The data up to this point do not tell us about decreased risk of hospitalization, serious illness, or death. The numbers of vaccinated patients in this age group isn’t high enough to tell us that information yet. However, vaccination has drastically improved these things in every other age group and it is anticipated to help our youngest as well.
So why vaccinate? Deaths in this age group have been low at 0.32%. While rare, no parent should risk this outcome when a safe vaccine is available.

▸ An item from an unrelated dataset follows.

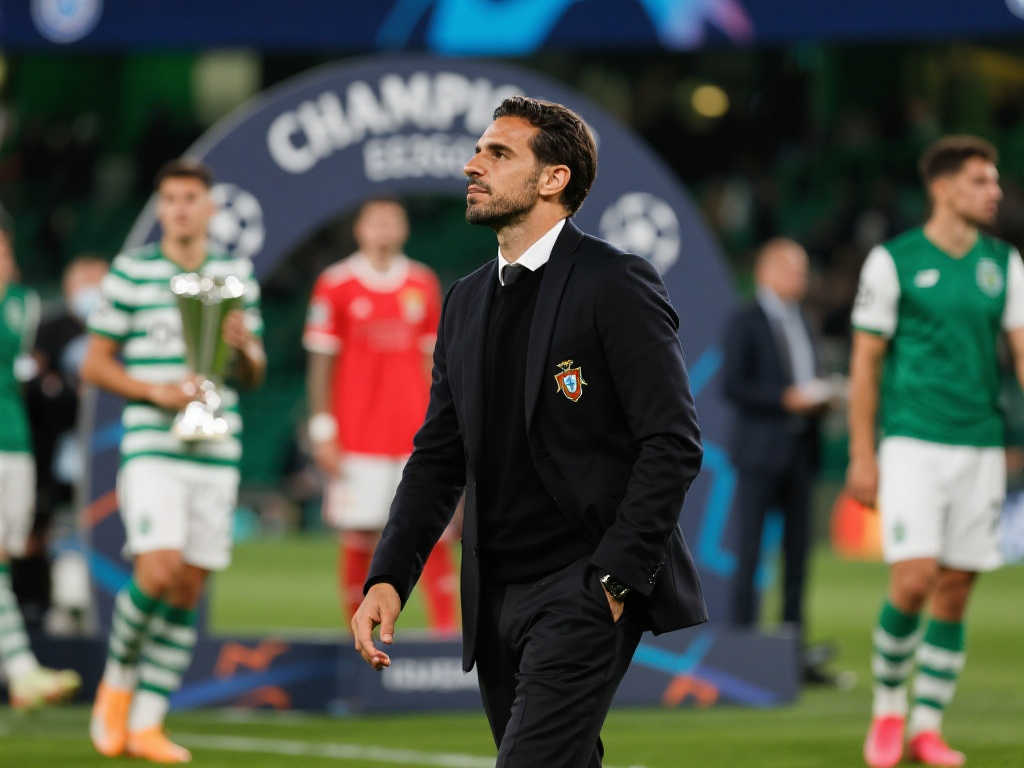 恩比德從喀 恩比德從喀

I found the following statistics very compelling and interesting. COVID has had 442 deaths in this age group through the pandemic. This is the HIGHEST death rate, aside from measles, for a virus for which we have developed a vaccine. Per year, COVID can kill 74-221 kids between the ages of 0 and 4. Influenza would kill 68-87, chickenpox about 50, rotavirus 20-60, rubella 17, and hepatitis A would kill 3. Except for flu, those are deaths prior to vaccines becoming available for those illnesses. This new age group eligible for the COVID vaccine had the highest hospitalization rate compared to other pediatric groups during the Omicron surge. One in four ended up in the ICU. These are our hardest patients to mask. Not to mention that COVID has caused continued disruption to care and schooling for kids and families.
Many families have gone through COVID already and wonder if vaccinating is necessary if their child already had COVID. Recent studies showed that 32% of kids who had COVID failed to make antibodies after the infection. Studies have also show that you significantly increase your antibodies from infection if you receive the vaccine. In short, even if your kids have had COVID, get them the vaccine. Aside from waiting to be out of your quarantine period when you are sick, there is no waiting period between having COVID and receiving the vaccine.
South Lake Pediatrics is planning on offering the Moderna vaccine. We are in the process of planning our vaccine clinics and will get the information out shortly. We hope you will vaccinate your child against COVID and, as always, we are here to answer your questions.